» PROMPT
Every picture stays out; everything else in the listing below is to be returned exactly.

» RAW DATA
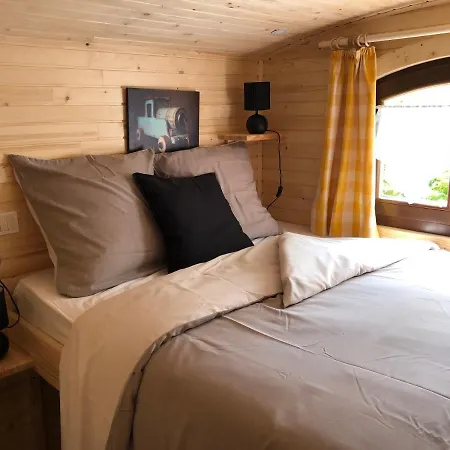 Luxe tent La Roulotte D'emilie Et Son Jacuzzi Prive Beurlay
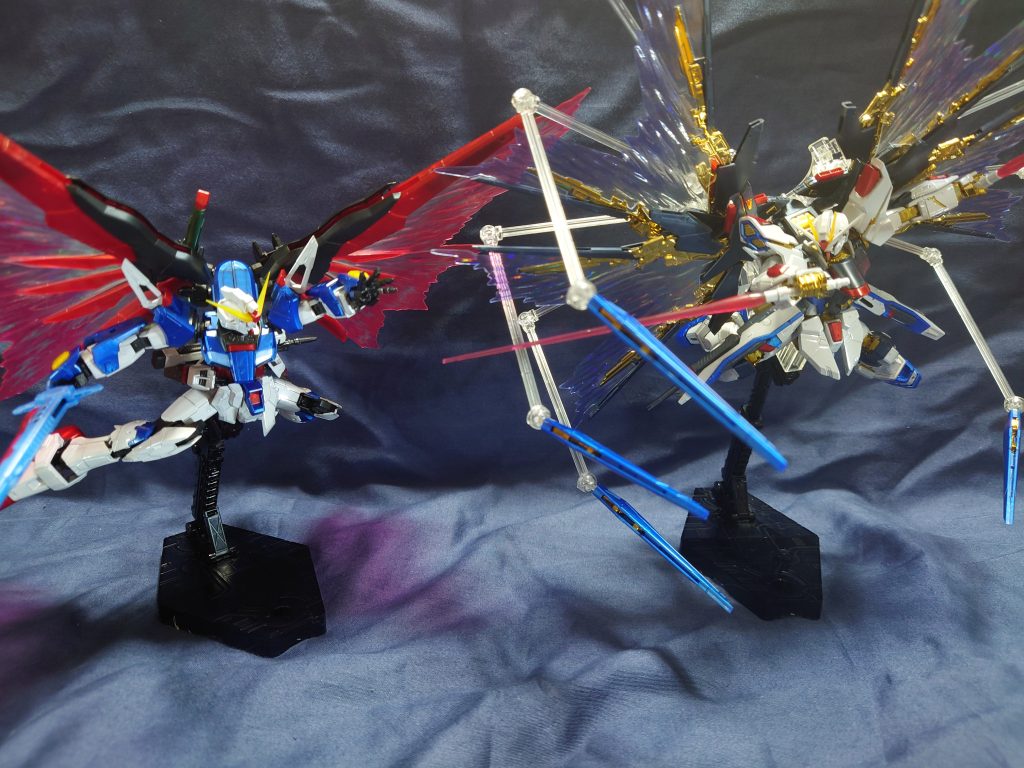 RGデスティニーのチタニウムフィニッシュと一緒に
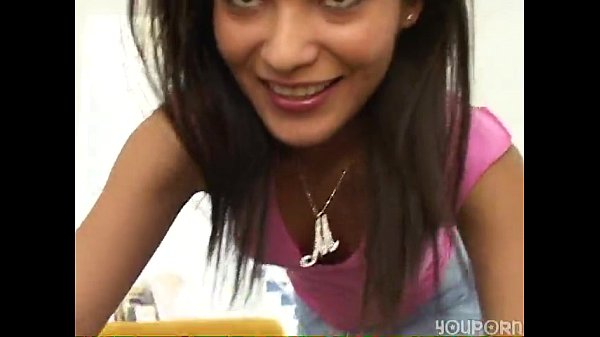 Latin girl Mari Possa gives intense blowjob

» YOUR RESPONSE
 Luxe tent La Roulotte D'emilie Et Son Jacuzzi Prive Beurlay
 RGデスティニーのチタニウムフィニッシュと一緒に
 Latin girl Mari Possa gives intense blowjob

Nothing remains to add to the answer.